Comment j’ai organisé mes sorties et ce que je voulais vraiment tester
Je suis partie sur des sorties d'1h30, avec 14 minutes de marche d'approche sur galets et sable fin. Avec mon compagnon, je peux organiser plus facilement ces créneaux courts. Cela me laisse concentrée sur la marche, les appuis et le retour au sec. Depuis 12 ans chez Akwaba, je note vite la différence entre une sensation de confort et un vrai maintien. Ici, je voulais surtout voir ce que le bord impose au pied quand le terrain change sous la semelle.

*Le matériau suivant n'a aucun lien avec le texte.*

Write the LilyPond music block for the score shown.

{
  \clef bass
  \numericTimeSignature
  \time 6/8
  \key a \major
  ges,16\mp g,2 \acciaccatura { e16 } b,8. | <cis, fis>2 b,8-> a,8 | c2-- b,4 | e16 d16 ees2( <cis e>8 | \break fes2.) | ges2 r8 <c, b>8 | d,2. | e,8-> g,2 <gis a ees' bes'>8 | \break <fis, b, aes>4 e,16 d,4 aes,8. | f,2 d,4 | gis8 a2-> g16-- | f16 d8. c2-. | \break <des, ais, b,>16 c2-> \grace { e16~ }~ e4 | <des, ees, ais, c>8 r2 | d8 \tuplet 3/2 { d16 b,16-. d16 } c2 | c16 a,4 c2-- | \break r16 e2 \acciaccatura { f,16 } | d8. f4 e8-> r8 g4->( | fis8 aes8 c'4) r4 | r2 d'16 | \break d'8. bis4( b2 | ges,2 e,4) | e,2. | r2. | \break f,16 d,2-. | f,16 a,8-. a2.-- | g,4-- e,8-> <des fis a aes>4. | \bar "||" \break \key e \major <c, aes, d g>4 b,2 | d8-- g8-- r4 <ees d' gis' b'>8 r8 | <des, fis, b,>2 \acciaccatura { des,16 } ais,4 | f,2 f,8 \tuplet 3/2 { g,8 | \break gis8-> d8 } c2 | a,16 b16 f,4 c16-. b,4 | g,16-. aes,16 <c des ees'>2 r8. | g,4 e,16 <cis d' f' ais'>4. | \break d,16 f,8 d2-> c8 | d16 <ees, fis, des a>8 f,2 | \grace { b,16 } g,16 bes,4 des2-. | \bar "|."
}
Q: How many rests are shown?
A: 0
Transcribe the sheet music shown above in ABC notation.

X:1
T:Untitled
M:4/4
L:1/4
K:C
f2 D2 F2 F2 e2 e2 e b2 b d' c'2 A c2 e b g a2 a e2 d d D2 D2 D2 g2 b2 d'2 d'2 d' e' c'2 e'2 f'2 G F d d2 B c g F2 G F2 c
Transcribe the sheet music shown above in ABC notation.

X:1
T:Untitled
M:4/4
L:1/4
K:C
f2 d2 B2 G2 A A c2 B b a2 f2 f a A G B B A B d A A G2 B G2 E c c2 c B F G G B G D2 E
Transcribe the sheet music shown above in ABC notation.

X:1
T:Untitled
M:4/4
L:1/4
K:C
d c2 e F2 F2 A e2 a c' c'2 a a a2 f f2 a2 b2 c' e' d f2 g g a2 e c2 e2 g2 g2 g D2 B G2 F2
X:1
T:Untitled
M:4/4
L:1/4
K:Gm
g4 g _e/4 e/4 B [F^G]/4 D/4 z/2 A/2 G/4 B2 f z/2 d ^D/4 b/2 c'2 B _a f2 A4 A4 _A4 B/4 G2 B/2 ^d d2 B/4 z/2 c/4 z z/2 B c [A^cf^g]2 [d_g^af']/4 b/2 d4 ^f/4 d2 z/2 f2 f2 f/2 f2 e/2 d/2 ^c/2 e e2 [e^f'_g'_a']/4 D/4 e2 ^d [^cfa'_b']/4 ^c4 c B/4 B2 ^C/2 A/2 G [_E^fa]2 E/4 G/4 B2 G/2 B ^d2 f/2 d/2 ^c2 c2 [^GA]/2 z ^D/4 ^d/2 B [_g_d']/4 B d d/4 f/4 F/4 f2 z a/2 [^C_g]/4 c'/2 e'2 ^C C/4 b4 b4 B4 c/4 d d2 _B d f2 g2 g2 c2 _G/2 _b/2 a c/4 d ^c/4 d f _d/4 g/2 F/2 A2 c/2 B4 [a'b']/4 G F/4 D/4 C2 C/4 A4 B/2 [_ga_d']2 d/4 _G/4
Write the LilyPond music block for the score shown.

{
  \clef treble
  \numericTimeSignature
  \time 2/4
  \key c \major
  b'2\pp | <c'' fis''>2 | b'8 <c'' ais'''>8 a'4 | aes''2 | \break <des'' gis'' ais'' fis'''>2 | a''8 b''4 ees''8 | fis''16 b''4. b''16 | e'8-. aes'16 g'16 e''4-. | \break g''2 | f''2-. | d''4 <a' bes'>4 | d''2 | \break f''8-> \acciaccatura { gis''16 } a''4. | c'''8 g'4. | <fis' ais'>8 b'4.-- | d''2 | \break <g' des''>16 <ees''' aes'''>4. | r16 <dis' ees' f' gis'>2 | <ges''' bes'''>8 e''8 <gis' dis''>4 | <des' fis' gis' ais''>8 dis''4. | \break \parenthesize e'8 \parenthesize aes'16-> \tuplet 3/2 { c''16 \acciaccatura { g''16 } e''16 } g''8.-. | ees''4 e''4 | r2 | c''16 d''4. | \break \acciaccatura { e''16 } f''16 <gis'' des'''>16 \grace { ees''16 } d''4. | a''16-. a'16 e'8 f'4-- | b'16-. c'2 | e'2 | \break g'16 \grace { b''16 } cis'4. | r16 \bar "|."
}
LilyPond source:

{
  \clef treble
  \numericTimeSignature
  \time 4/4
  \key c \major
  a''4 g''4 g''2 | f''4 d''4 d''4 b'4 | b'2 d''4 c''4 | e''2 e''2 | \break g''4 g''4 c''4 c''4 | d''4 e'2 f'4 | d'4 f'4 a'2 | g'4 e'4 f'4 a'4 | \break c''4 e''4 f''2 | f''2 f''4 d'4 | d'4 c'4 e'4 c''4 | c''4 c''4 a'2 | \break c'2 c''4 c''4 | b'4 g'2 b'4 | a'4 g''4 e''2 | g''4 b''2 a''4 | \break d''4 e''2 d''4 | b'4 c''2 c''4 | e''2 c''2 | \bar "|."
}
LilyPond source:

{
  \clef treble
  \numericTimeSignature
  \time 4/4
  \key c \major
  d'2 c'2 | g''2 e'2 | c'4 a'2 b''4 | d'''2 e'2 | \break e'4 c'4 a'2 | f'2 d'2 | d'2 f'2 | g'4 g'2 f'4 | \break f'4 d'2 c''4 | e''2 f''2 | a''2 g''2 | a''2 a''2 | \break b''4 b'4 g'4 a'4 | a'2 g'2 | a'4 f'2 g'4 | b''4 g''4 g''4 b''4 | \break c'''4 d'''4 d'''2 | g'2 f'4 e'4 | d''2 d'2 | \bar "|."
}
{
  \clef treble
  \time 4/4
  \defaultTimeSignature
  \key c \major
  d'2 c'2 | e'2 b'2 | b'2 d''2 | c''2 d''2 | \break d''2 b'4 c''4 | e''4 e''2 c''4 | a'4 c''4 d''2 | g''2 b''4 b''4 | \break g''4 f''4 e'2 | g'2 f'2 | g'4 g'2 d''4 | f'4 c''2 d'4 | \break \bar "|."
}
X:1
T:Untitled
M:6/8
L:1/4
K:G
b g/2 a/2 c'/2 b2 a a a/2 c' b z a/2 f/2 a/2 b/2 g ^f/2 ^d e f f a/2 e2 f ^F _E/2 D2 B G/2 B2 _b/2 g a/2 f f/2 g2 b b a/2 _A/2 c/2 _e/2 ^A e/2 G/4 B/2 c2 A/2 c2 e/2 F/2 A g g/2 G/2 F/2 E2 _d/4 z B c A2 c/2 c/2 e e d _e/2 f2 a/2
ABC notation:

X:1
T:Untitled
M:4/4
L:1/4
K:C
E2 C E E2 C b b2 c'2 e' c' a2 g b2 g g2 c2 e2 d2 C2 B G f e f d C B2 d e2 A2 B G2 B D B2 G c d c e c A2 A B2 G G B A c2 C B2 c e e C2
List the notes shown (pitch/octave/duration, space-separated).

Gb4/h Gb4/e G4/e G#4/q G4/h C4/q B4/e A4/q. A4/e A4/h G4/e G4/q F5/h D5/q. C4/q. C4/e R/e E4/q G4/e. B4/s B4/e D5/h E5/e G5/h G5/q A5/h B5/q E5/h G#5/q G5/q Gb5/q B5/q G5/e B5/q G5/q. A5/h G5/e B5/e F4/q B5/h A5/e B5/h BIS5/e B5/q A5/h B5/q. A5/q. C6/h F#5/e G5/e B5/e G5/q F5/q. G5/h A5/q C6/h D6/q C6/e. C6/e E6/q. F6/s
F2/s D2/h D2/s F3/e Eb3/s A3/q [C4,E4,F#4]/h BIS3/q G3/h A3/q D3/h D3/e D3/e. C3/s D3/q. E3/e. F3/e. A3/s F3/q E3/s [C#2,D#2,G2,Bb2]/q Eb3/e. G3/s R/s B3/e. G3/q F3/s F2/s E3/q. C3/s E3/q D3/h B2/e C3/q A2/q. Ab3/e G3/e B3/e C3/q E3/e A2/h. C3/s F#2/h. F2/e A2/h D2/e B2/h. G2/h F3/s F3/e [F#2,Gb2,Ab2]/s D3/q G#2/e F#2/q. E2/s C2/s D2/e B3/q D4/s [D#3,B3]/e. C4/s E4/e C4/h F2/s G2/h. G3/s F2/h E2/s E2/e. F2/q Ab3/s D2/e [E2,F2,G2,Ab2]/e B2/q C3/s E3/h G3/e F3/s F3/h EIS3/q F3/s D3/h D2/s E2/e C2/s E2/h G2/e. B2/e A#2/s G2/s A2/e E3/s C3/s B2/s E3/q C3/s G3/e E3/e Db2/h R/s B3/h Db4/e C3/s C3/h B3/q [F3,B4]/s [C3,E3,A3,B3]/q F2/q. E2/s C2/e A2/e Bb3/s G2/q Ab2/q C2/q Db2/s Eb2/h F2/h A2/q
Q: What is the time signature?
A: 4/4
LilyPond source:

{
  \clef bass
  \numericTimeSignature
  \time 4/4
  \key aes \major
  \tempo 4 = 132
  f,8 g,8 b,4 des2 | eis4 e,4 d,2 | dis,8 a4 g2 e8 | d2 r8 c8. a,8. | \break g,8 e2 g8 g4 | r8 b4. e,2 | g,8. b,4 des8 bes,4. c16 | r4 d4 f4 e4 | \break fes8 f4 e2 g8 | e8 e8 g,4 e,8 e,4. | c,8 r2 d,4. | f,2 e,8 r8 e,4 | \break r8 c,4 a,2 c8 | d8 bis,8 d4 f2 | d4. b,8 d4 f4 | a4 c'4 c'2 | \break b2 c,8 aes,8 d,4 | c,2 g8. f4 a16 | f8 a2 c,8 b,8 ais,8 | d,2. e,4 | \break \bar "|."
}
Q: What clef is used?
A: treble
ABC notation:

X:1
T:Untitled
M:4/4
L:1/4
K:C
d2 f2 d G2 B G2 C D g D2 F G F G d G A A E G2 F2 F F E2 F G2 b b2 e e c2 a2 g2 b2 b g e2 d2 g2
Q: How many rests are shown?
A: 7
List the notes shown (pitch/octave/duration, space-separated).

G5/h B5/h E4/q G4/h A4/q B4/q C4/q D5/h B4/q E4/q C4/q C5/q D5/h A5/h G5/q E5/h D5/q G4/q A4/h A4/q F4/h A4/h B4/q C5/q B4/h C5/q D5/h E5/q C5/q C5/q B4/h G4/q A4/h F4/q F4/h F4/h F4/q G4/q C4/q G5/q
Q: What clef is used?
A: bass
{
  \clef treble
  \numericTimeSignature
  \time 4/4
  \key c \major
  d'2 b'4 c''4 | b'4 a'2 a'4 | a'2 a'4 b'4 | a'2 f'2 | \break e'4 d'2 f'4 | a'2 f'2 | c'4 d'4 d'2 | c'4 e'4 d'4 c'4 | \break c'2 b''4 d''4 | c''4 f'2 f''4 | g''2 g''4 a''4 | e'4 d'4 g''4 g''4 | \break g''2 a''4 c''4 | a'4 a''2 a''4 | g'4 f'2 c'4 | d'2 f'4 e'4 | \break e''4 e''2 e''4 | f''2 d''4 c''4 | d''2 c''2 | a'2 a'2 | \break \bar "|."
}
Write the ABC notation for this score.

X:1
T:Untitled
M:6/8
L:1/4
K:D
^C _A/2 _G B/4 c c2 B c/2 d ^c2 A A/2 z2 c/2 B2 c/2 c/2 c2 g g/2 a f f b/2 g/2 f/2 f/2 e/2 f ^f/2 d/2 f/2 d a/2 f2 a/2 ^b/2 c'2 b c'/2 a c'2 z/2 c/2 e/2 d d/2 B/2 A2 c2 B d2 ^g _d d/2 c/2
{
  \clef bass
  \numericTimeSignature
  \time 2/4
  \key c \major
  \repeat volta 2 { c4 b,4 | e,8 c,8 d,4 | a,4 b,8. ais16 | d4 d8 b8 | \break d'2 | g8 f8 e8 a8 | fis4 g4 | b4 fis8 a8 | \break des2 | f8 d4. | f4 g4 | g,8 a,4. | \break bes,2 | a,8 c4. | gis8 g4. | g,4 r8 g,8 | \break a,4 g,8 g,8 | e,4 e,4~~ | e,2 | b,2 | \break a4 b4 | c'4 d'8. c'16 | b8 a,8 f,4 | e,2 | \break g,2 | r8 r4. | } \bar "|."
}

J'ai choisi une Beuchat 3 mm à 45 euros et une Cressi 5 mm à 60 euros, parce qu'au premier enfilage elles semblaient proches. Mes années passées près de l’eau à La Rochelle m'a appris à regarder la semelle, le col et la couture du gros orteil, pas seulement l'épaisseur annoncée. J'ai pris la plus fine pour voir si la souplesse gagnait du terrain, et la plus épaisse pour voir si la protection changeait vraiment la marche. Les deux avaient un maintien de cheville différent, et c'est ce point qui m'intéressait le plus.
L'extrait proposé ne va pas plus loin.